CAG-170: the hidden gut bacteria found in healthy people worldwide.
A 2026 Cambridge meta-analysis pulled 11,115 gut microbiome samples from 39 countries and asked which microbes consistently mark healthy people across populations and diseases. The single strongest signal was a genus nobody has ever grown in a lab. It is called CAG-170, it seems to make vitamin B12 and break down complex fibre, and it has upended assumptions about what the "healthy gut" looks like.
The study, properly framed
Cambridge University announced in May 2026 the publication of a large-scale meta-analysis in Cell Host & Microbe [da Silva 2026]. The team — led by researchers at the Wellcome Sanger Institute and EMBL-EBI — pulled 11,115 gut metagenomes from 39 countries spanning every inhabited continent.

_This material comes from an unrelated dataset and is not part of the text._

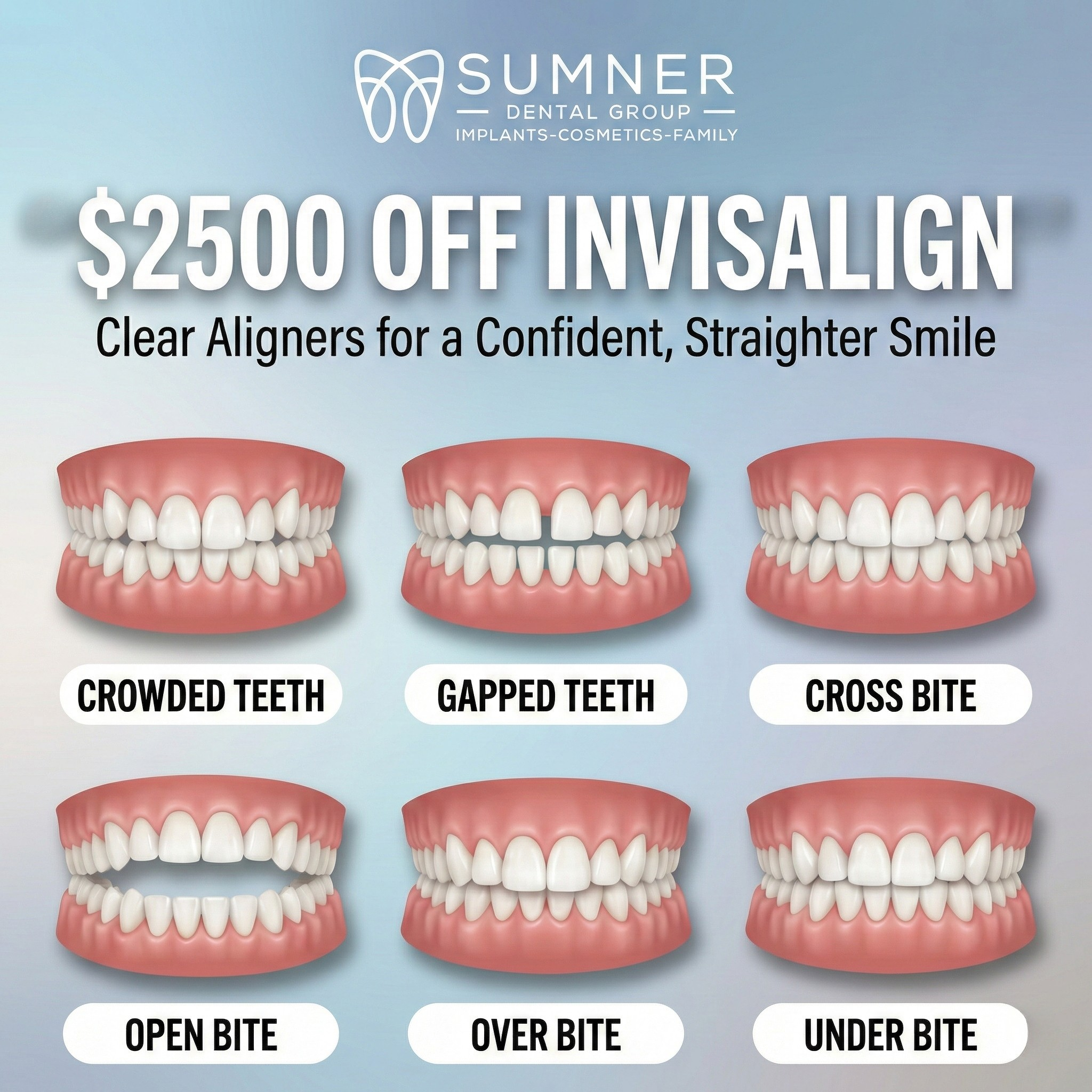 Sumner Dental Group - Dentist Gallatin Facebook ad: $2500 OFF On Invisalign Treatment!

They standardised processing across 13 publicly available cohorts, layered participant phenotype data (disease status, demographics, diet pattern where available), and asked a simple question with unprecedented statistical power: which microbes are consistently higher in healthy people across populations, and consistently lower in people with chronic disease?
The answer, surprisingly, did not lead with any of the famous names. Not Akkermansia. Not Faecalibacterium prausnitzii. Not Bifidobacterium. The strongest single health-associated signal across the entire dataset was an uncultured bacterial lineage the authors call CAG-170 — a genus-level group that has been showing up in metagenomes for years but has never been successfully grown in a laboratory and therefore lacks the proper Linnaean name that a culturable bacterium would have.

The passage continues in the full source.